M. Mailloux considère que malgré ses nombreux démêlés avec le Collège des médecins, sa compétence à titre de psychiatre ne peut être mise en doute, et il entend bien contester la décision du Conseil de discipline.

27 commentaires
  • Bernard Poulin - Inscrit 20 octobre 2012 04 h 31

    un pitbull

    Ce gars là c'est un pitbull, plus vous le confrontez et plus il mordera.

  • Reine-Marie Bergeron - Abonnée 20 octobre 2012 07 h 34

    Mépris de la psychanalyse

    En lisant cet article, on pourrait croire qu'un psychiâtre peut être habilité à exercer la psychanalyse s'il est maitre de l'introspection. FAUX. La formation du psychanalyste est longue et rigoureuse commençant par une psychanalyse personnelle de plusieurs années. Ce n'est pas un acquis universitaire ou une spécialité médicale. J'espère que plusieurs psychanalystes s'insurgeront tout autant.
    Reine-Marie Bergeron, psychanalyste membre de l'Association mondiale de psychanalyse (AMP).

  • Ginette Boily - Inscrit 20 octobre 2012 07 h 56

    Le doc. Mailloux est un excellent psychiatre. Sa personnalité n'a rien à voir avec sa compétence. C'est donc sa personnalité que l'on "punit". Cela veut dire que, compétents ou pas, le critère de base pour plaire au Collège des médecins, ce n'est pas la compétence. C'est dommage pour ses patients et pour lui mais on vit dans un monde où ceux qui ont le pouvoir n'ont pas toujours le jugement nécessaire pour l'exercer. Ça donne un monde de fous.

    • Franklin Bernard - Inscrit 22 octobre 2012 00 h 03

      Il vous a traitée pour que vous le jugiez «excellent»?

      Bien sûr que ce n'est pas sur sa compétence que le Collège des Médecins l'a sanctionné, mais bien sur ses propos profondément racistes émis publiquement. La compétence n'a en effet rien à voir là-dedans, et elle ne donne certainement à personne le droit de tenir des propos haineux sur les autres races publiquement.

  • Robert Henri - Inscrit 20 octobre 2012 08 h 00

    Soupirs...

    S'il vous plaît. Soignez le quelqu'un. Le psy est gravemant atteint.

  • Denis Boyer - Inscrit 20 octobre 2012 08 h 23

    Il persiste et signe...

    Le fait qu'il croit dure comme fer dans les balivernes qu'il raconte, épaulé par des études obscures (non publiées... et pour cause!), plaide durement contre lui.

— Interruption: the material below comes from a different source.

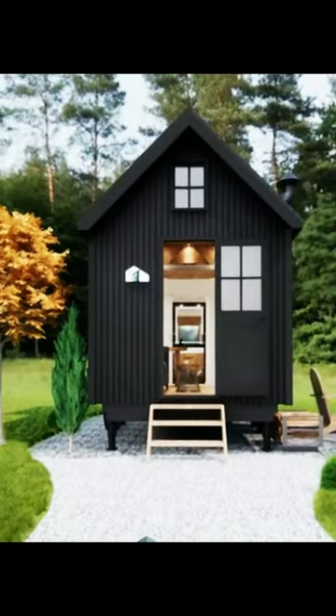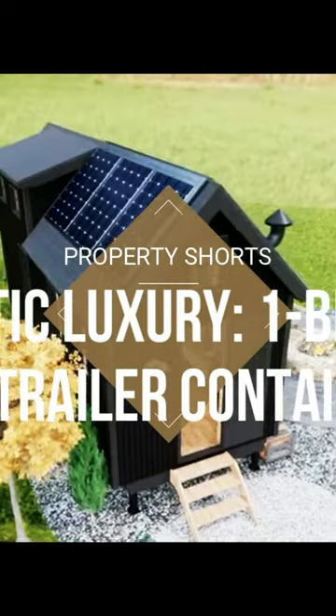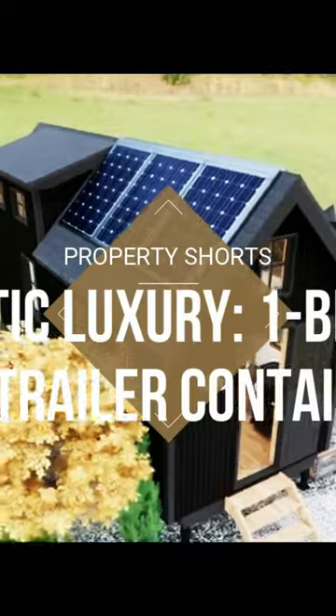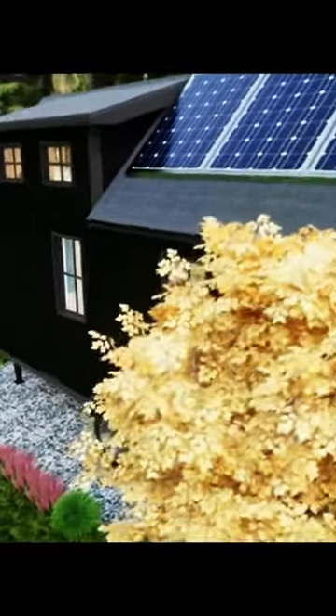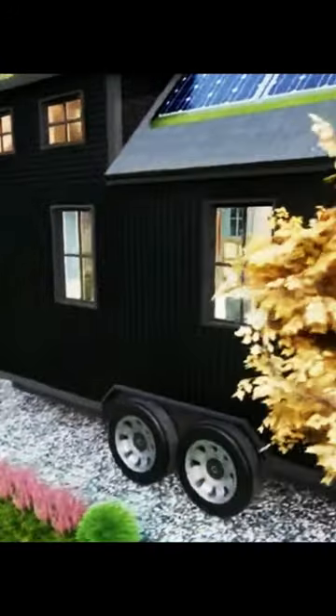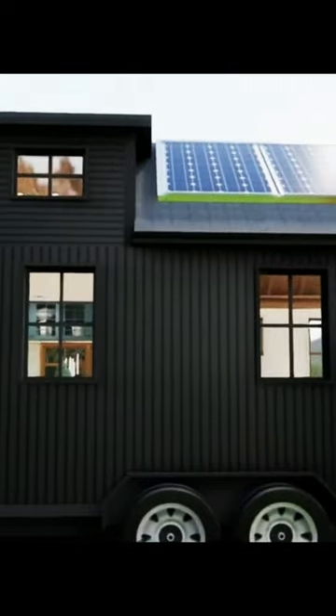Embark on a journey where rustic charm meets luxurious comfort in a compact space. Join us as we explore a one-bedroom trailer container house, measuring 20 feet by 8 feet — 6.1 meters by 2.4 meters — where the rugged beauty of rustic design seamlessly blends with modern elegance, creating a haven of warmth and sophistication.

    Il y a trop d'individus brillants de couleur noire et d'individus incroyablement bêtes d'autres couleurs (en particulier des blancs!) pour conclure qu'un lien génétique étroit existe entre la race et le QI. Une autre conclusion est teintée de racisme éhonté et de narcissisme, thème que devrait connaître M. Mailloux puisqu'il en est un grand disciple!

    Ce n'est pas demain la veille qu'un chercheur concluera à l'infériorité intellectuelle de sa race!

    • Guillaume Girard - Inscrit 20 octobre 2012 17 h 02

      Vous dites un peu n'importe quoi, M. Mailloux a cité la même étude qui démontrait que les asiatiques performaient en moyenne mieux que les caucasiens!

      Nier les différences ne fait pas avancer le débat!

      On devrait se poser la question du pourquoi de ces différences statistiquement significatives dans les résultats aux tests de QI et allouer les ressources approprièes s'il est possible d'en changer la tendance!

    • Franklin Bernard - Inscrit 22 octobre 2012 10 h 14

      Vous confondez tout. Affirmer que telle race performe mieux qu'une autre dans certains domaines ne relève pas du racisme. Il peut s'agir d'un phénomène issu du contexte social, économique ou culturel. Mais affirmer que le QI d'un noir ne dépasse pas 100, ça, c'est du racisme, puisque ça classe un élément inné de l'être humain.